Agora, a parte dos erros. Uma vez mais, e no Beira-Rio, o Inter cedeu o empate. Ao contrário do que ocorreu diante do River Plate, o Inter ainda conseguiu o terceiro gol, o que tornou que falta de posse de bola e a cessão de espaços ao adversário algo menos grave.
— O Inter está de volta ao circuito dos grandes jogos e das grandes exigências. Com isto, vem a necessidade de dar um passo adiante na evolução tática e de desenvolver a habilidade de assumir o controle da partida.
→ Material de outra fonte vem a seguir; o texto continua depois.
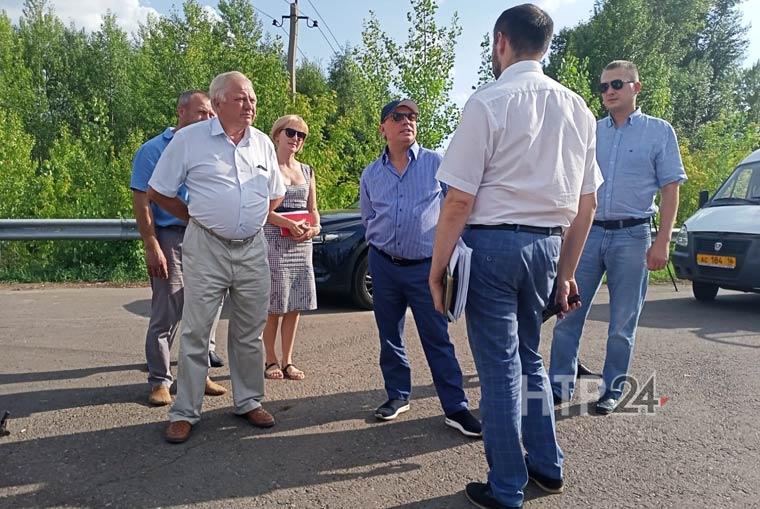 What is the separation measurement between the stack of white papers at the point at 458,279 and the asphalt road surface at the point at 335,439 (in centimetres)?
95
Controle do jogo também está condicionado ao nível do contexto que se está inserido, é uma evolução que vem também da maturação e das lições que se aprende em alto nível — pondera Eduardo Dias, analista do Projeto Footure. — Olhando para o campo, essa possibilidade na fase defensiva está mais perto de acontecer, sincronizando melhor a pressão na saída de bola do adversário, com os jogadores mais próximos, cortando linhas de passe e criando possibilidades de roubadas de bola perto do gol. Jogadores separados por pequenas distâncias e sincronização na pressão ao adversário, esta pode ser a chave para o controle, um aspecto fundamental para os grandes jogos quem virão — agrega Dias.
Em 2006, no ano da primeira Libertadores colorada, a arrancada também contou com sustos. Logo na estreia, o Inter batia o Maracaibo por 1 a 0, quando cedeu, nos minutos finais, o 1 a 1 aos venezuelanos. Depois, em dois jogos seguidos contra os mexicanos do Pumas, ainda pela fase de grupos, novos dramas. Na Cidade do México, o time de Abel Braga precisou virar para vencer por 2 a 1. No Beira-Rio, o Pumas fez 2 a 0 ainda no primeiro tempo, e o Inter precisou virar com Michel, Fernandão e Gabiru.
— Isso me parece mais desconcentração. Mas é aí que se vê a força do time, de buscar a virada, de vencer — avalia Rubens Cardoso, lateral-esquerdo campeão da América e do Mundial em 2006. — Mas é claro que é algo preocupante abrir 2 a 0 e levar o empate. É preciso aprender a sofrer na Libertadores. Talvez ainda falte um pouco de malandragem a este Inter, precisa aprender a esfriar o jogo. E a sofrer concentrado. Se fez o 2 a 0, fecha a defesa e tenta matar em um contra-ataque. Não dá para jogar de igual para igual contra um time que já está desesperado, precisando tirar uma desvantagem de dois gols. É preciso saber mudar a estratégia em meio ao jogo. Não é deixar de jogar, mas é seguir concentrado, mesmo com um 2 a 0. O Inter teve dois exemplos fortes em River e em Palestino. Acho que isto não se repetirá. A lição parece ter sido aprendida — encerra Cardoso.
Em 14 dias, na cidade de Lima, diante do Alianza, o Inter terá a chance de provar que aprendeu com os seus erros defensivos na Libertadores. Antes, porém, já neste domingo, o teste será bem mais forte: o começo das finais do Gauchão, contra o Grêmio, que, se puder, não perdoará possíveis novas falhas.